Connecticut Attorney General Richard Blumenthal (D), who is running for Chris Dodd’s vacated U.S. Senate Seat, has joined a "multi-state coalition" seeking to restrict violent videogames. Blumenthal, in his capacity of Attorney General of the state, brings Connecticut into the fray alongside nine other states, siding with California in its upcoming Supreme Court battle.
In an amicus brief filed in the U.S. Supreme Court, Blumenthal and nine other states are defending California’s right to enforce a law prohibiting the sales of select videogames to minors. The law was struck down by the California Appeals Court, but the Supreme Court announced earlier this year that it would review the case.
In a press release issued by the Attorney General’s office, Blumenthal’s brief states that California’s law does not seek to "broadly prohibit" minors from buying "violent games," but rather a subset of titles that "encourages players to commit graphic acts of homicide, rape, and sadism."
"Parents deserve tools to protect children from games that showcase digital decapitation and rape,” Blumenthal said. “Certain games dangerously desensitize children with simulated homicide and hate crimes, turning graphic executions into entertainment. In the face of continued industry inaction — enabling unattended children to buy such games — states must preserve their critical right to protect children."

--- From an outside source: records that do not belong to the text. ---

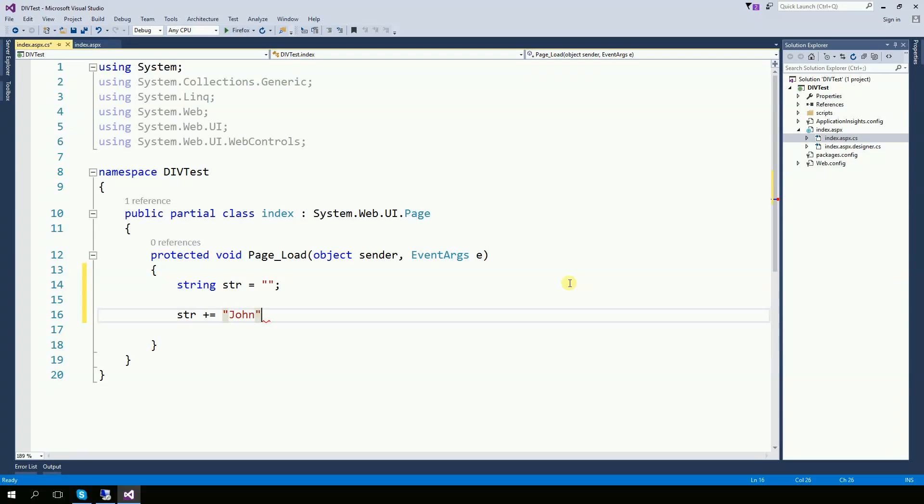And then I can start adding things into the string. So I'm going to add here, John plus Doe and then plus number 21.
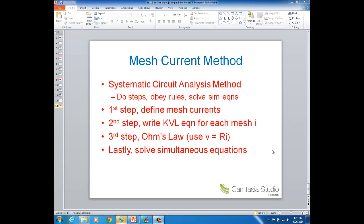This is a lecture on mesh current method. Mesh current method is another systematic method of circuit analysis. What's meant by systematic method is that there are steps to do, rules to obey, and then in general you end up with simultaneous equations to solve. We discussed node voltage method, which was the first systematic method of analysis that we went over this quarter, and this is just another type of method that you can use to solve circuits.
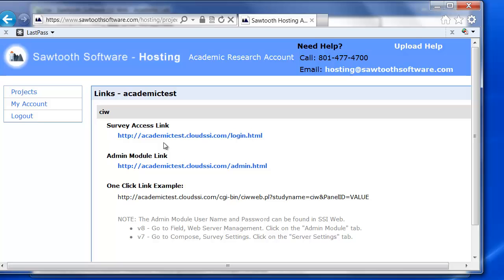If you have any questions about using SSI Web or Sawtooth Software's Academic Hosting Environment, please send us an email at support@sawtoothsoftware.com.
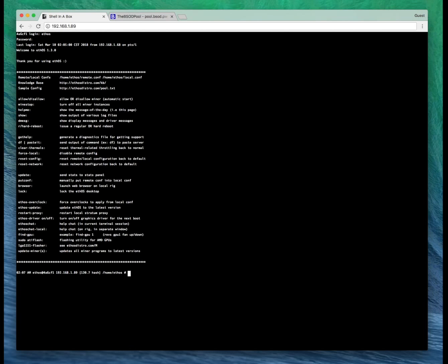First things first, you want to log into your rig terminal. Currently this is just mining Ethereum. Once we're done you should be dual mining Shield as well.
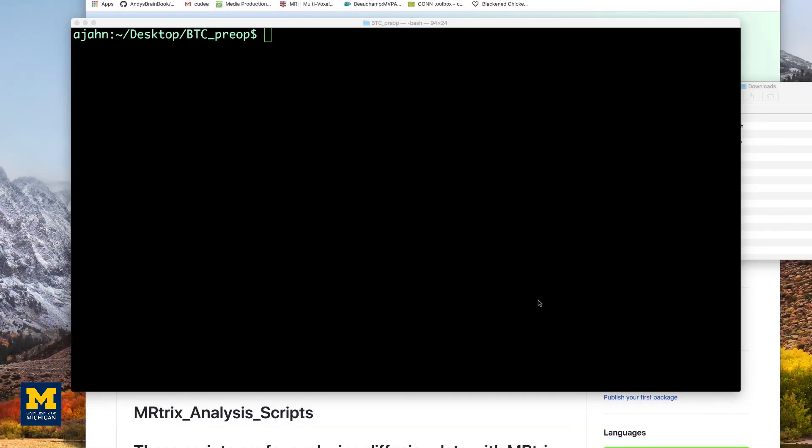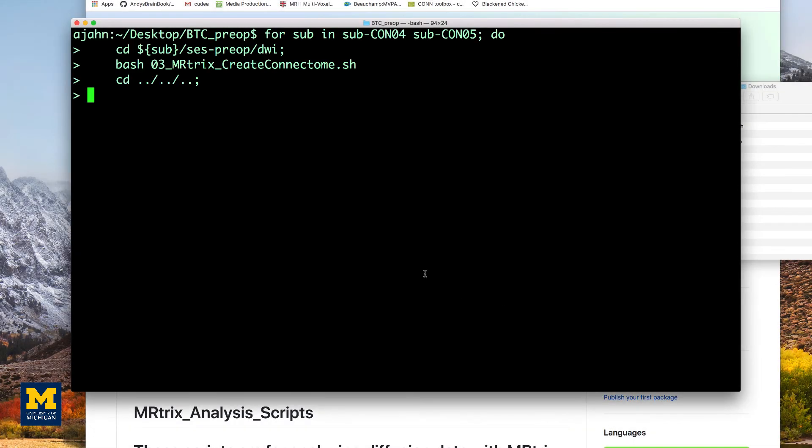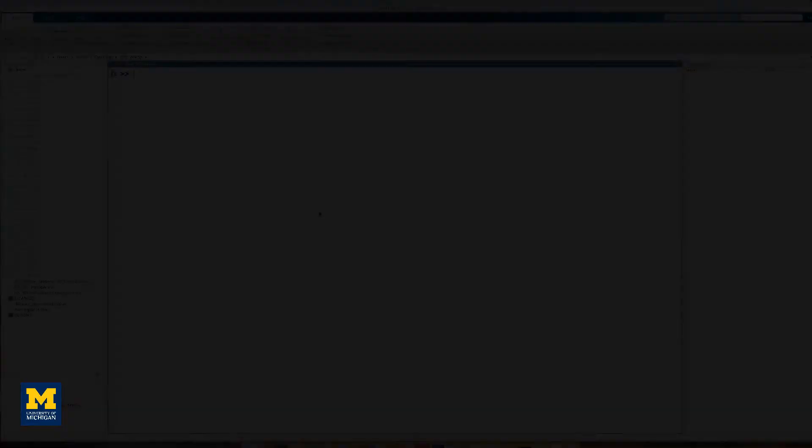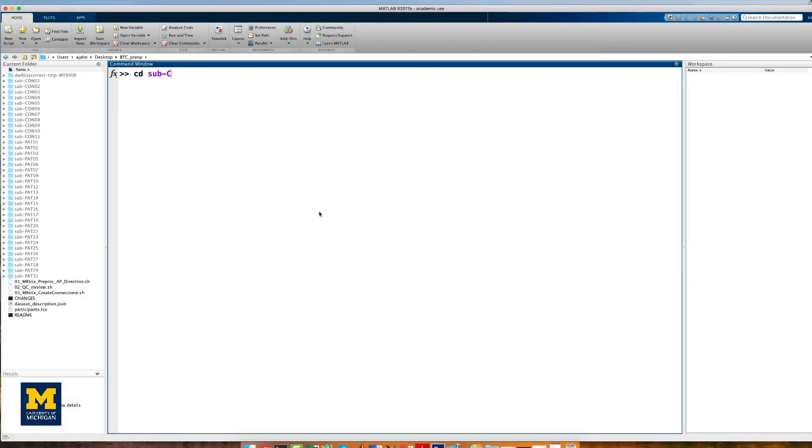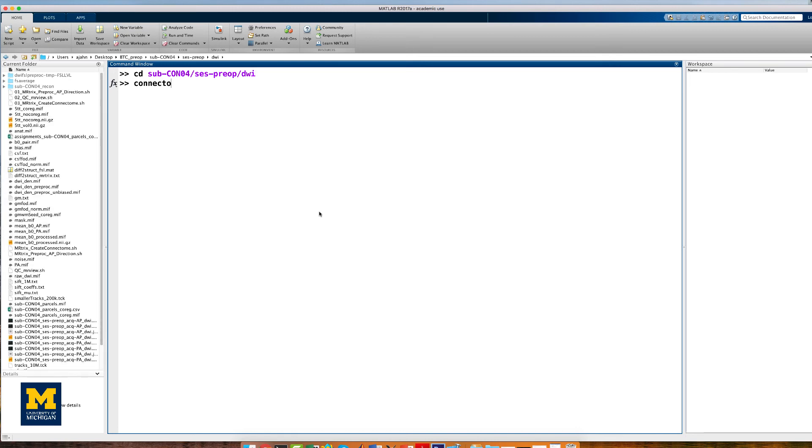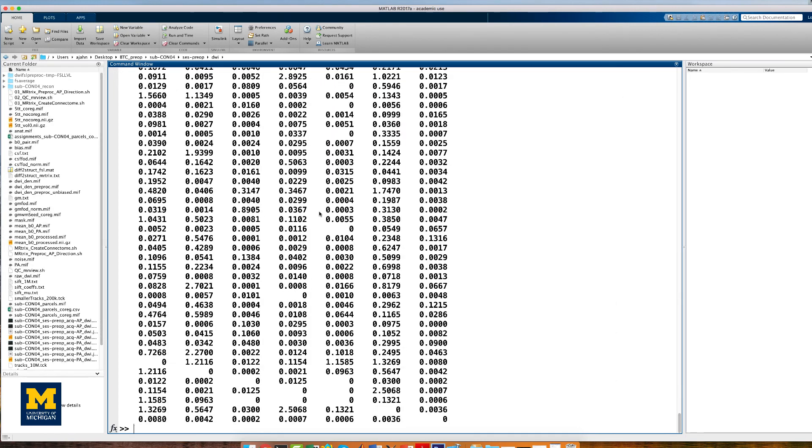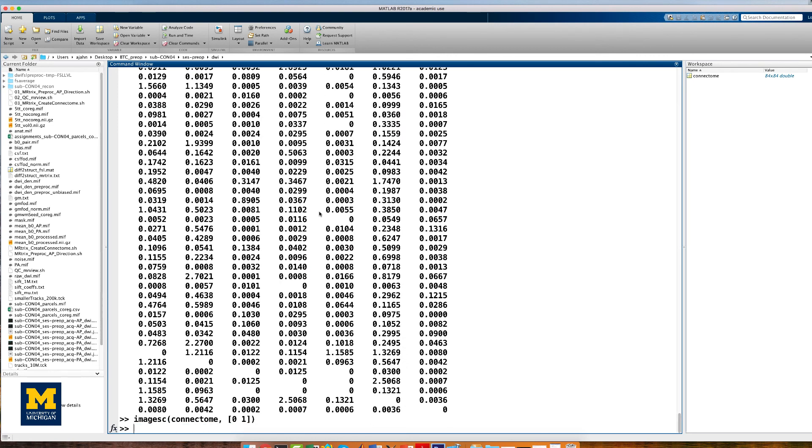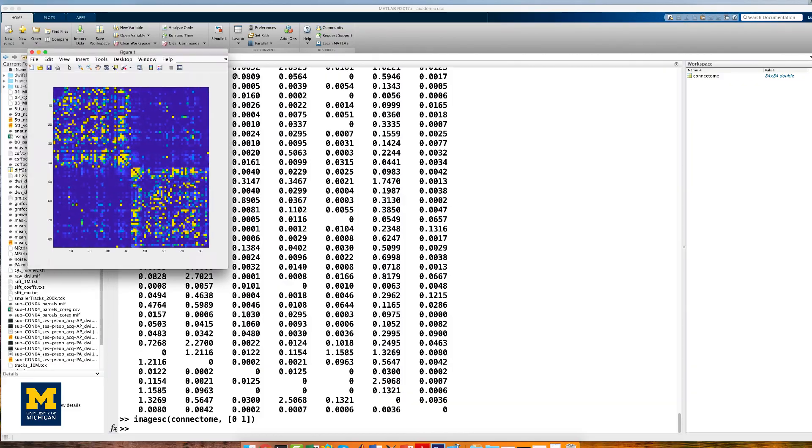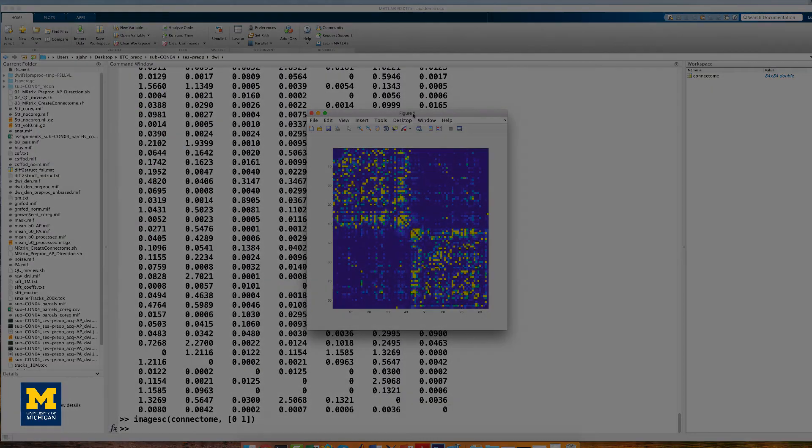And lastly, we will use the same for loop to run the tck2connectome command. When all that is finished, you can open up MATLAB and use the code in the description box below to view the output. You should see the same connectomes that we saw in the last chapter with slight differences between each subject.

Oddly enough Blumenthal said "voluntary restrictions" by the video game industry like those adapted by the movie industry for R rated movies (that require a parent or guardian to be present) would be "ideal." The Entertainment Software Association ratings system, the ESRB, a voluntary, self-imposed rating system, does a good job of doing just that, even according to the Federal Trade Comission, who have said in the past that the system works better than both the Movie industry’s and Music industry’s system for keeping adult materials out of the hands of minors.
Connecticut does not have a law prohibiting the sale of videogames, but Blumenthal joined the brief on behalf of Connecticut because he believes that "it is critical to preserve the state’s right to impose such limits."